Le scandale avec les « Grafittis du Maidan » : la destruction de la mémoire historique en Ukraine

Le 10 février 2014, à l’époque des affrontements entre les manifestants et les forces de l’ordre dans la rue Hrouchevskogo à Kiev, un peintre dont le peudonyme est « Sociopate», a dessiné sur les murs de l’Institut de la langue ukrainienne des grafittis qui représentaient Taras Chevtchenko, Lessia Ukrainka et Ivan Franko, des écrivains et artistes célèbres des 18-19 siècles, portant des cagoules. Comme le bâtiment se trouve dans la rue Hrouchevskogo, ces grafittis sont devenus très vite un des symboles de la révolution.
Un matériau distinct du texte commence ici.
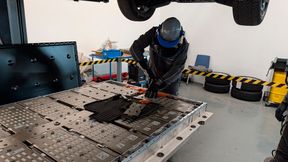 Wenn die Batterie offen ist, besteht Lebensgefahr – deshalb der Vollschutz. Sind die Verbindungen zwischen den Modulen gelöst, sinkt die Spannung auf unter 60 Volt. (Bild: Rosenow – VCG)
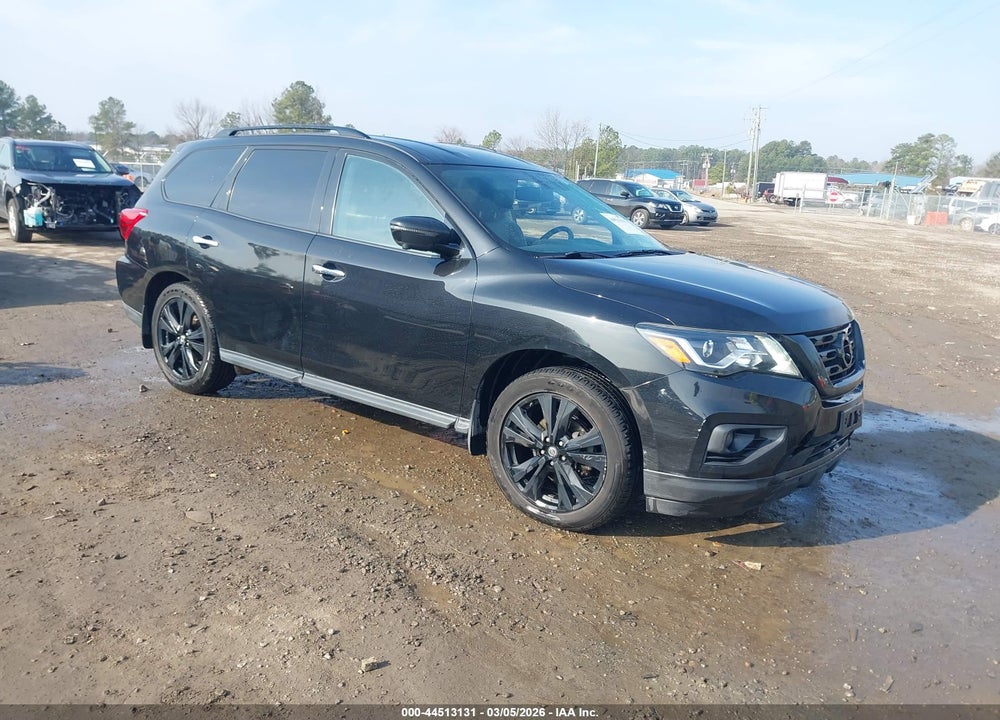 2018 NISSAN PATHFINDER SL VIN: 5N1DR2MM3JC647018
Le 2 septembre 2017, une journaliste, Tetyana Vysotska, a écrit sur sa page Facebook que les grafittis avaient disparu du mur de l’Institut, dont le rez-de-chaussée est louée par un magasin de meubles de luxe « Emporium ». Elle a ajouté une photo et une vidéo montrant Igor Dotsenko, le propriétaire du magasin, en train de diriger un ouvrier qui recouvre les grafittis de peinture.

Tout d’abord, Dotsenko a commenté cet événement sur sa page Facebook de la manière suivante : « Il ne faut pas élever le pochoir au rang d’art. C’est un art de rue typique qui, de temps en temps, est nettoyé par les services publics. Alors, calmez-vous et ne soulevez pas une tempête dans un verre d’eau». Cependant, après la réaction très négative de la société (le 3 septembre, les activistes se sont ressemblés devant le magasin, ont brisé des vitres et laissé des inscriptions : « Le Maidan était ici et il restera ici », «Tu n’effaceras pas ça », «Ne le refais plus jamais »), Dotsenko a changé radicalement son point de vue et a commencé à prétendre qu’il n’avait rien à voir avec l’effacement des grafittis. Il a même essayé de se faire passer pour une victime de vandales. « Chers amis, le salon «Emporium » est fermé. En dépit du fait que nous avons passé trois ans à veiller sur les graffitis, nous sommes devenus les otages des provocateurs qui ont effacé ces grafittis et commis un acte de vandalisme », a-t-il déclaré.

Actuellement, on sait que Dotsenko n’avait aucun droit de repeindre les grafittis : le magasin «Emporium » ne loue que la partie intérieure du bâtiment de l’Institut de la langue ukrainienne, donc il n’avait aucun droit de changer la façade du bâtiment. Les représentants de l’Institut assurent que le contrat de location ne contient aucune clause sur l’apparence du bâtiment. «L’institut du patrimoine culturel devrait faire signer des contrats précisant ce que l’on peut faire et ce que l’on ne peut pas faire. Mais la loi précise que même si aucun contrat n’a été signé, cela ne dispense pas le propriétaire ou le locataire de porter la responsabilité pour les dommages ou la destruction des monuments », a expliqué Tymour Bobrovsky, membre du Conseil international de la protection des monuments et des lieux culturels.

L’auteur des graffitis originaux a déclaré qu’il était prêt à refaire ou à restaurer ses dessins mais à condition qu’il en obtienne le droit légal. « Pour le moment, seuls les Ukrainiens ordinaires ont fait appel à moi pour restaurer les dessins. Aucun représentant de l’État ne l’a fait. J’espère que vous comprenez bien qu’une restauration non autorisée n’est pas possible dans cette situation. Mais je vous promets à vous tous que je vais restaurer la Trilogie, une fois que la situation sera réglée », a-t-il écrit sur sa page Facebook.

Actuellement, nul ne sait ce qui va arriver aux grafittis, mais aussi au bâtiment dans lequel se trouve  le magasin. Le musée national de la Révolution de la dignité veut récupérer ce local pour y installer une exposition, mais la direction de l’Institut déclare qu’elle ne le louera plus.

Le Bureau du Procureur de la ville de Kyiv a déjà engagé une poursuite pénale pour destruction de monument. Les coupables encourent une amende de 2550 hryvnias ou jusqu’à 3 ans de prison.